• _SUPPLIED DATA_

============================================================

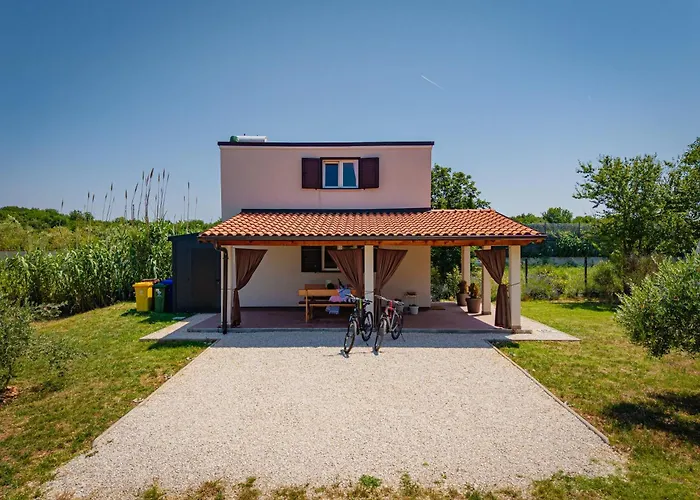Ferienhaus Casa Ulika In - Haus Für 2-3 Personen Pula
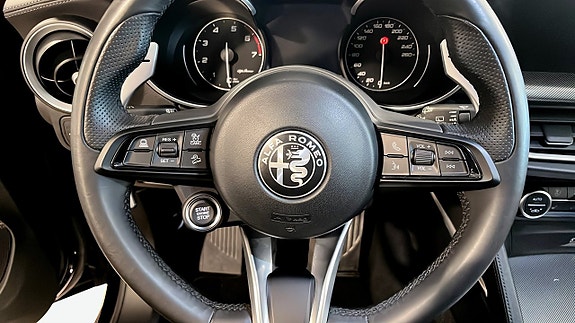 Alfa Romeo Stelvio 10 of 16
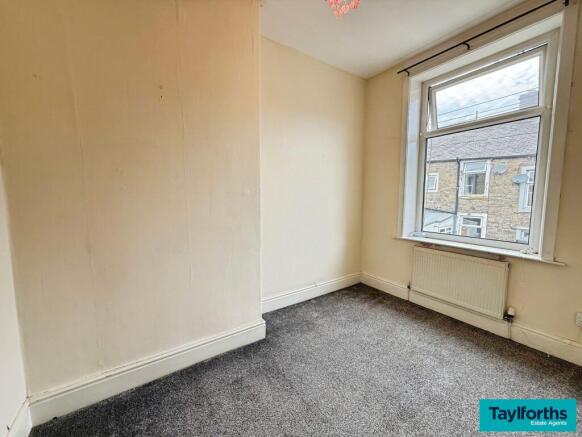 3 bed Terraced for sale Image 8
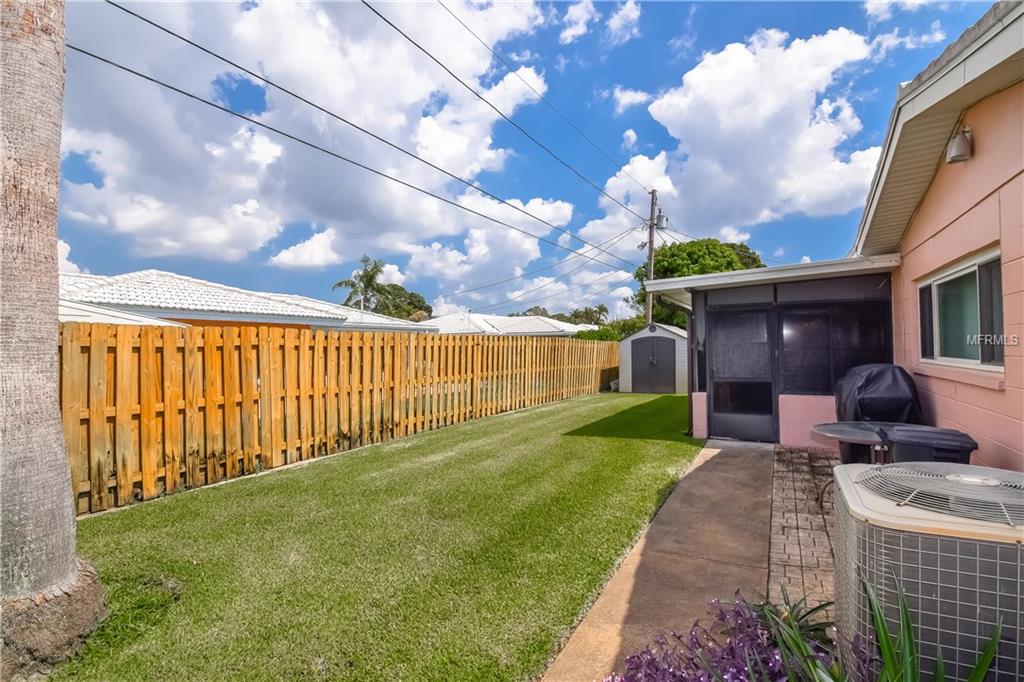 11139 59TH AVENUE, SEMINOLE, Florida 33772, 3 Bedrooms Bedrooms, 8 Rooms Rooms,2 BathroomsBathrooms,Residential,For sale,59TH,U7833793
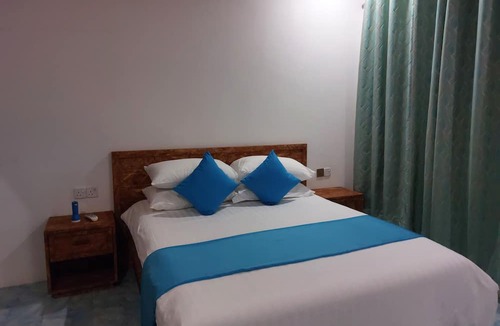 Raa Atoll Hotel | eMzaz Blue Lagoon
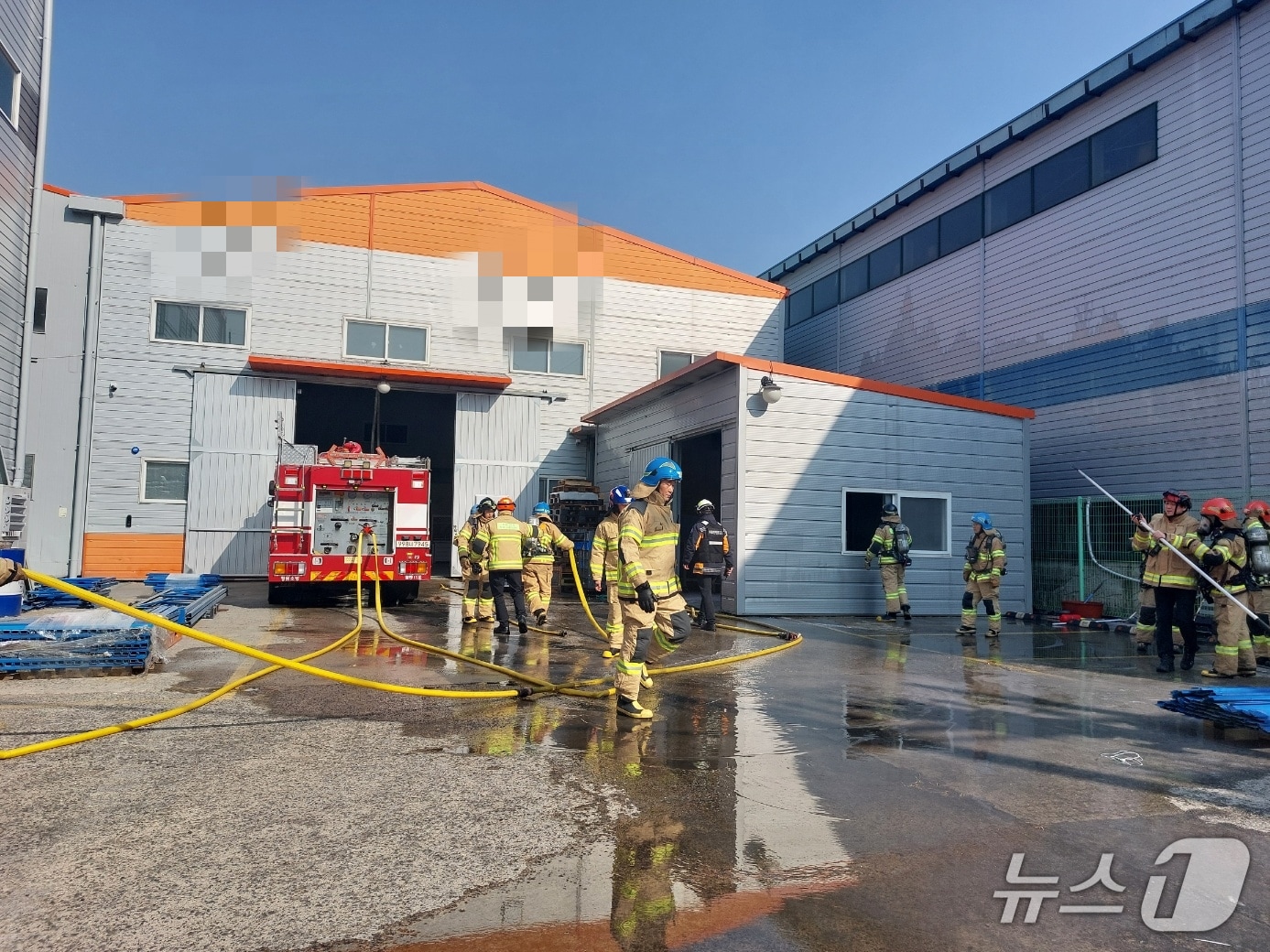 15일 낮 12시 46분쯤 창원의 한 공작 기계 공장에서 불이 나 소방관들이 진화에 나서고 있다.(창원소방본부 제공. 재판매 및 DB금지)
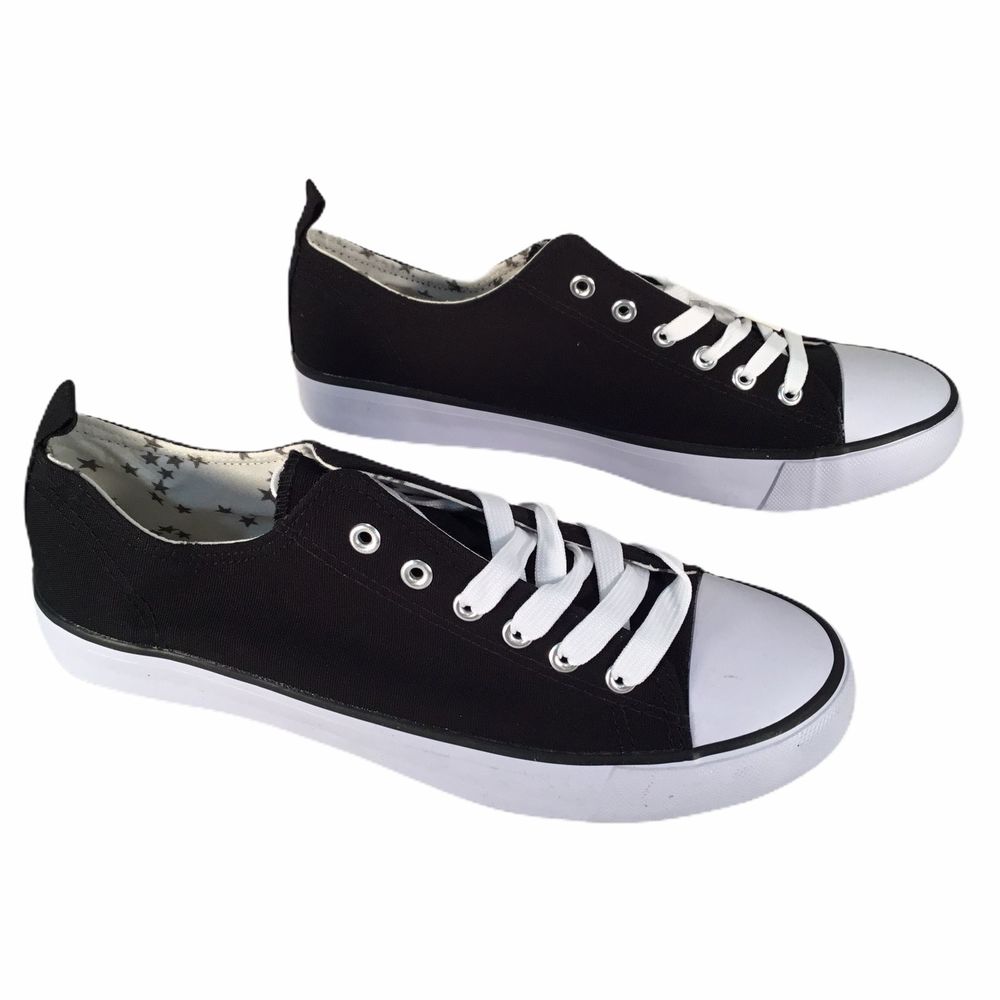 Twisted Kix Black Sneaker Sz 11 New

============================================================

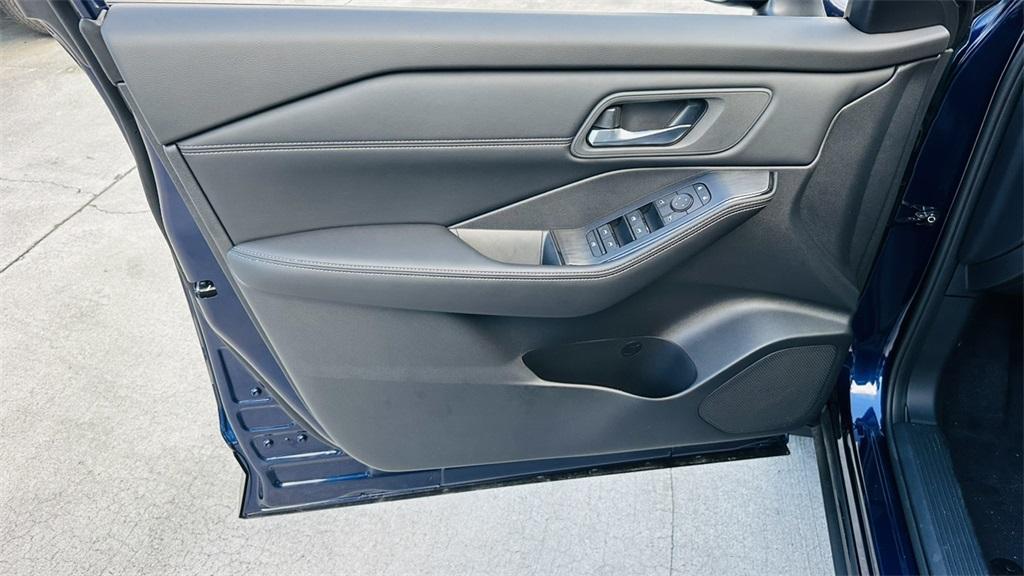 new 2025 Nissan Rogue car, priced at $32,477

============================================================

I would like the exact lines from the data above, starting with the one that holds "3 bed Terraced for sale Image 8" and going on through the one that holds "Twisted Kix Black Sneaker Sz 11 New", without the pictures.

• _YOUR SOLUTION_
 3 bed Terraced for sale Image 8
 11139 59TH AVENUE, SEMINOLE, Florida 33772, 3 Bedrooms Bedrooms, 8 Rooms Rooms,2 BathroomsBathrooms,Residential,For sale,59TH,U7833793
 Raa Atoll Hotel | eMzaz Blue Lagoon
 15일 낮 12시 46분쯤 창원의 한 공작 기계 공장에서 불이 나 소방관들이 진화에 나서고 있다.(창원소방본부 제공. 재판매 및 DB금지)
 Twisted Kix Black Sneaker Sz 11 New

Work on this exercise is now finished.